_EXERCISE DESCRIPTION_.
Up to and including the line that contains "The Huawei Pura", repeat each line of the data exactly, starting from the first.

_RECORDS FOR THE EXERCISE_.
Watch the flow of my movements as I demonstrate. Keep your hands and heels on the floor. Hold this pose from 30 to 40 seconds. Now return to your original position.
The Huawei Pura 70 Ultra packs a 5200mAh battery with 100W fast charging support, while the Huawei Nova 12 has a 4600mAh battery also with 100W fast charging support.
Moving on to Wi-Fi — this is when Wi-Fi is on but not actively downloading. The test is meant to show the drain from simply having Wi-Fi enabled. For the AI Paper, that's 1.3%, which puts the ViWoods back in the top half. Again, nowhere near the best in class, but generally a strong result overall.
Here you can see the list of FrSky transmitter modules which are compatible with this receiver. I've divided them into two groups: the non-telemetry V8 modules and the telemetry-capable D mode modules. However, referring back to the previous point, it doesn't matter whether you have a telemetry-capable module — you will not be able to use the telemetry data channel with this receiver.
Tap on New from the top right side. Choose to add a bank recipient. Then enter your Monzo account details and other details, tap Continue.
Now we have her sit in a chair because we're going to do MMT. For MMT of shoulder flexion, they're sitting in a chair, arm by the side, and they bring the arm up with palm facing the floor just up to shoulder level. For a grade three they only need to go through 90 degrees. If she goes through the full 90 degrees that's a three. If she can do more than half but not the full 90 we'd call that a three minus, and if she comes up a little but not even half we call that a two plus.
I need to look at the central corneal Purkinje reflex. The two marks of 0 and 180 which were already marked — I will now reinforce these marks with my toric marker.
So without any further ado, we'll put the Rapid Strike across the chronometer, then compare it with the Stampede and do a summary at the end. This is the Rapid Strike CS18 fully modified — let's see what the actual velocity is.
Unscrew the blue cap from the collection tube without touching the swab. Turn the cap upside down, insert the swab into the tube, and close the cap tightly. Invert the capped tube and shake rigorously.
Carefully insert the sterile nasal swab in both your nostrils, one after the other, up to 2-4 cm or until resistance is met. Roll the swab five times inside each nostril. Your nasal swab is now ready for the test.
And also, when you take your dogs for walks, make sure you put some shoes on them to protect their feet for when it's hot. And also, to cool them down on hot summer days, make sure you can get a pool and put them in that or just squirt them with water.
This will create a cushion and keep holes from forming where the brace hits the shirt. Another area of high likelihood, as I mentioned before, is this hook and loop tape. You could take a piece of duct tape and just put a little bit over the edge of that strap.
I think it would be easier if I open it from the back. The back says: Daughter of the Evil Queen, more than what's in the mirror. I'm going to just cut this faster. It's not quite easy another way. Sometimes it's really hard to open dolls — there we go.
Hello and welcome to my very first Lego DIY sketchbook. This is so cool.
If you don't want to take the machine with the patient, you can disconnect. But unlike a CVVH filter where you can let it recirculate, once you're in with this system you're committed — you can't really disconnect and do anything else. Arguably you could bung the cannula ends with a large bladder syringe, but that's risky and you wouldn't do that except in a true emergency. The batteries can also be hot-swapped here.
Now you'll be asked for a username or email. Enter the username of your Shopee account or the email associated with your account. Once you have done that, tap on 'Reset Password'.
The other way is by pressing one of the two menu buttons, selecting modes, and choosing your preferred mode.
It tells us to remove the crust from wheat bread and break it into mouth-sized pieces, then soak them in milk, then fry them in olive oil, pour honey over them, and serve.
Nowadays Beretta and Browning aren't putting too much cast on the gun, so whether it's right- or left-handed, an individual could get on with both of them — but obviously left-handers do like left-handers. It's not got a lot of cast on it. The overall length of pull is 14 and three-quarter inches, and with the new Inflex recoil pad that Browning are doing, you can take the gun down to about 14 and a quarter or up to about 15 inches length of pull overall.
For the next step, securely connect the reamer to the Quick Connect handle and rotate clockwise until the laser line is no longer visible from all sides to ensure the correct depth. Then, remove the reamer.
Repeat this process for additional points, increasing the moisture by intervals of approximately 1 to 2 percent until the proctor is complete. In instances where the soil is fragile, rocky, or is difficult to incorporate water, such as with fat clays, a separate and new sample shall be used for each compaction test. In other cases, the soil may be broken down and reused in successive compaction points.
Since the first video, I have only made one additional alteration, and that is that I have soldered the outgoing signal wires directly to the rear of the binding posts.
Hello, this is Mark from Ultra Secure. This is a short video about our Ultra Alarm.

_WRITTEN SOLUTION_.
Watch the flow of my movements as I demonstrate. Keep your hands and heels on the floor. Hold this pose from 30 to 40 seconds. Now return to your original position.
The Huawei Pura 70 Ultra packs a 5200mAh battery with 100W fast charging support, while the Huawei Nova 12 has a 4600mAh battery also with 100W fast charging support.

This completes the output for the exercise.